Every line of the listing below should be written out exactly, minus its images.

§ **Dataset extract**:
|---|

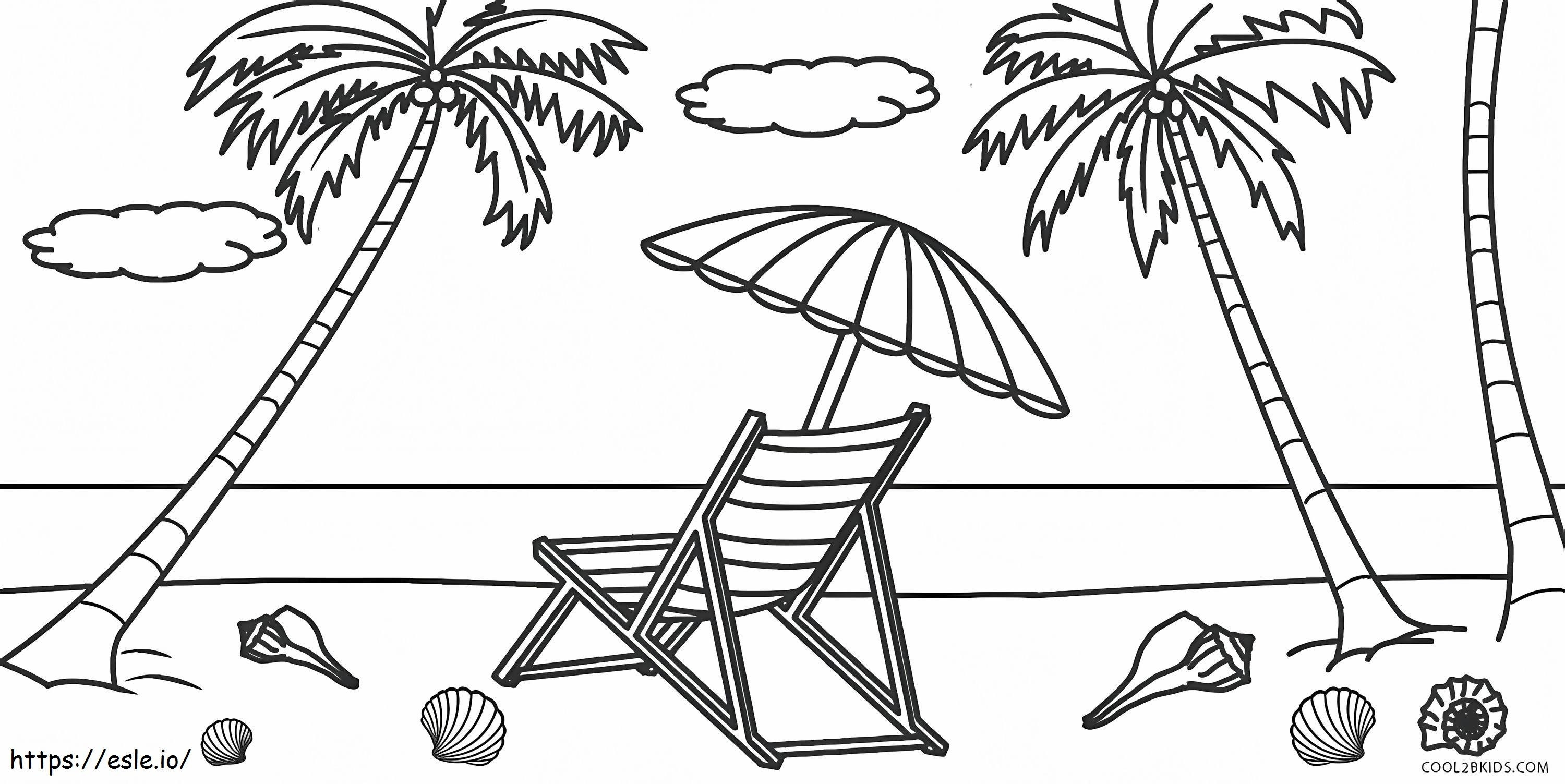 Coloriage Chaise et parasol sur la plage à imprimer dessin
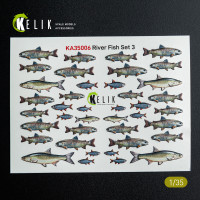 River fish, type 3, Diorama accessory set, 3D decal. 1/35 Kelik KA35006 River fish, type 3, Diorama accessory set, 3D decal. 1/35 Kelik KA35006
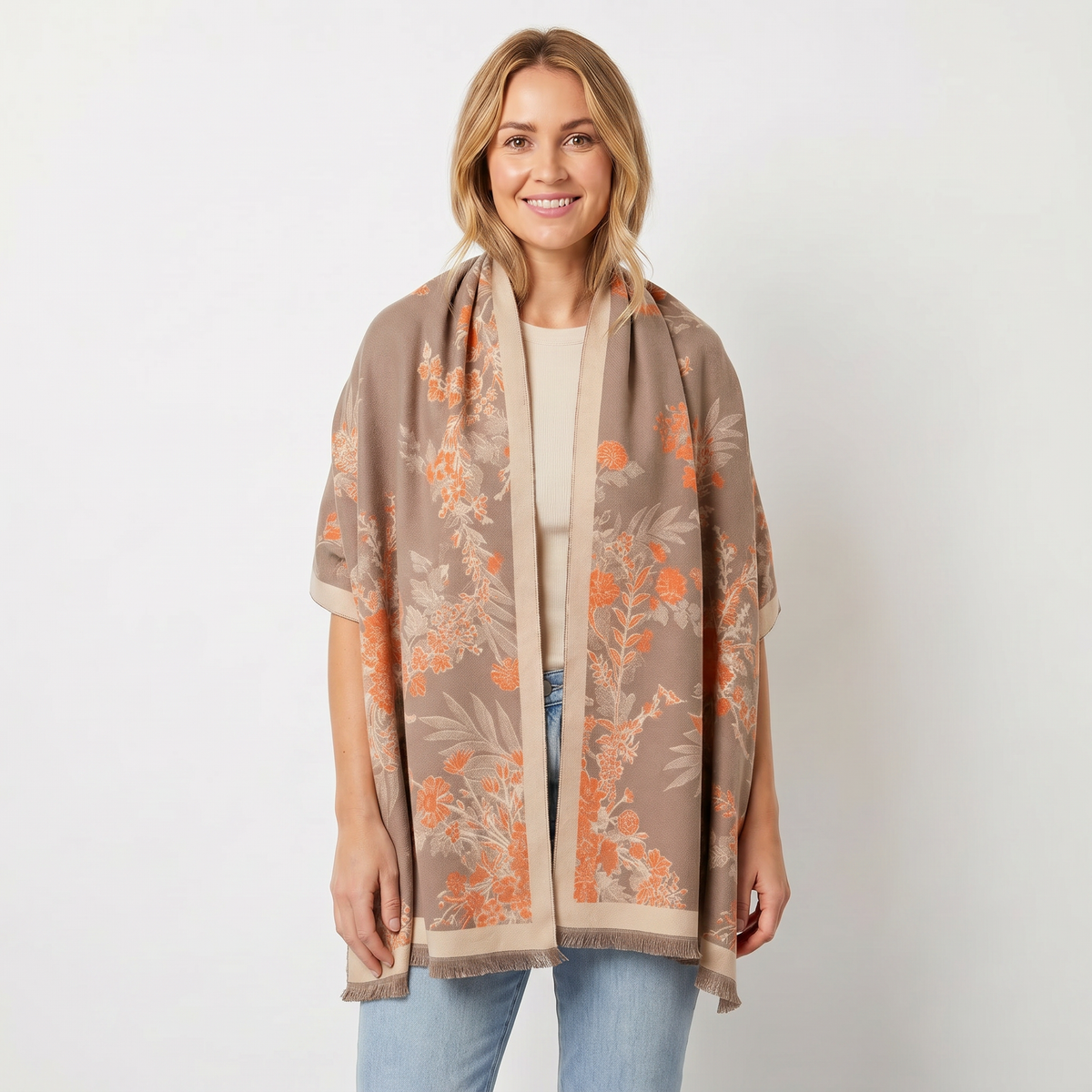 Women's Shawl Wrap Botanical Floral Woven Print Fringe Border Winter Edenforth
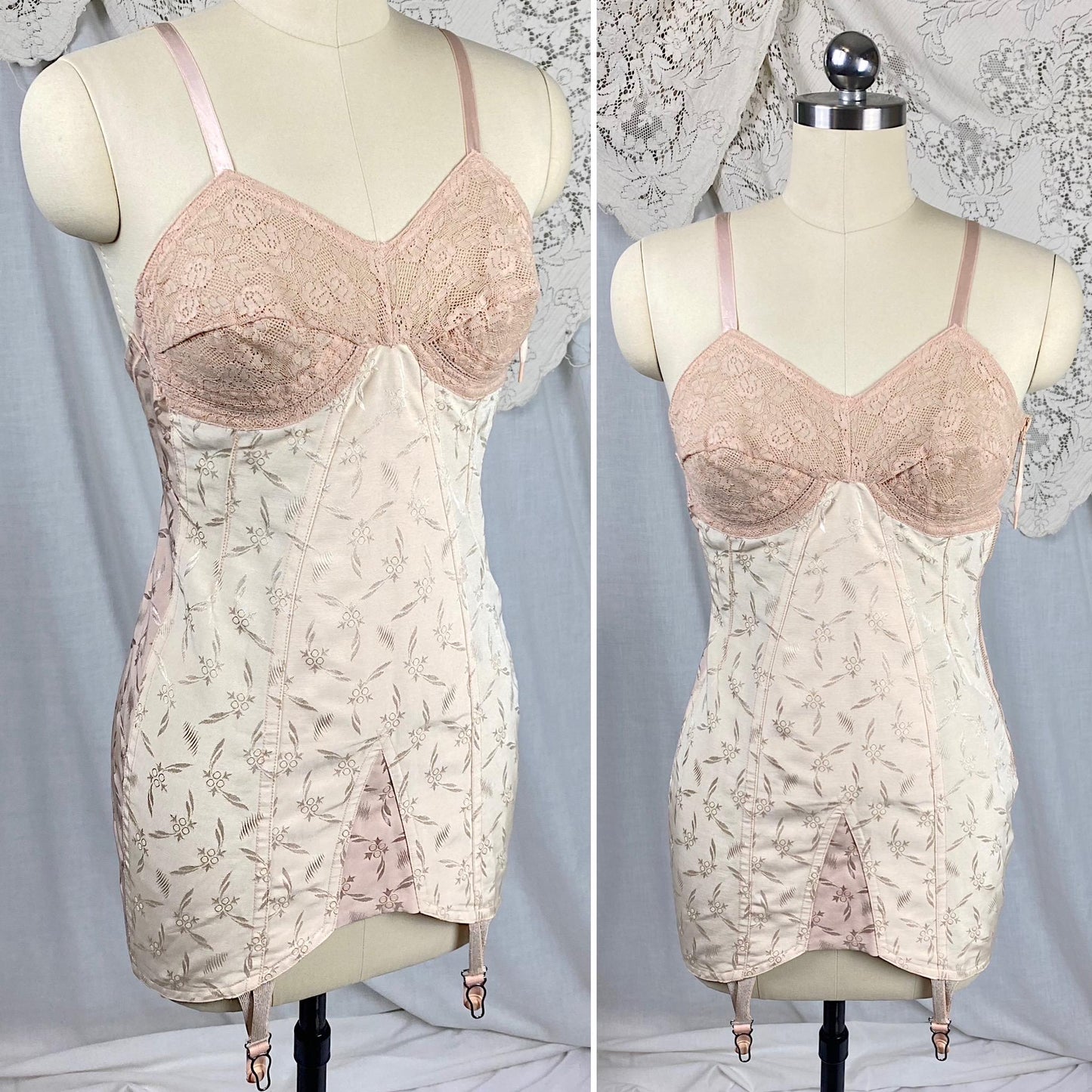 Vintage 1940's - 1950's All in One Girdle | Two Tone Powder & Blush Pink Rayon Satin Damask with Velvet Backing | Size S, M | By Blair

|---|

§ **Solution to the problem**:
 Coloriage Chaise et parasol sur la plage à imprimer dessin
 River fish, type 3, Diorama accessory set, 3D decal. 1/35 Kelik KA35006 River fish, type 3, Diorama accessory set, 3D decal. 1/35 Kelik KA35006
 Women's Shawl Wrap Botanical Floral Woven Print Fringe Border Winter Edenforth
 Vintage 1940's - 1950's All in One Girdle | Two Tone Powder & Blush Pink Rayon Satin Damask with Velvet Backing | Size S, M | By Blair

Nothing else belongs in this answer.